What you will do >> Return the data below exactly, minus the pictures.

Data segment >>
· · · · · · ·

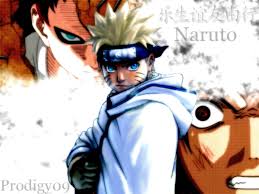 Naruto Wallpaper Naruto-wallpaper-02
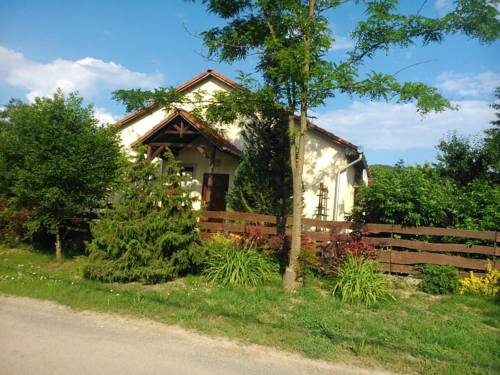 Bükkszék Hungary Promo Code Booking.com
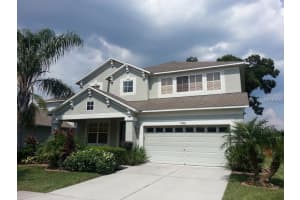 5708 Butterfield St, Riverview, FL 33578, Sold 10/15/14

· · · · · · ·

Expected answer >>
 Naruto Wallpaper Naruto-wallpaper-02
 Bükkszék Hungary Promo Code Booking.com
 5708 Butterfield St, Riverview, FL 33578, Sold 10/15/14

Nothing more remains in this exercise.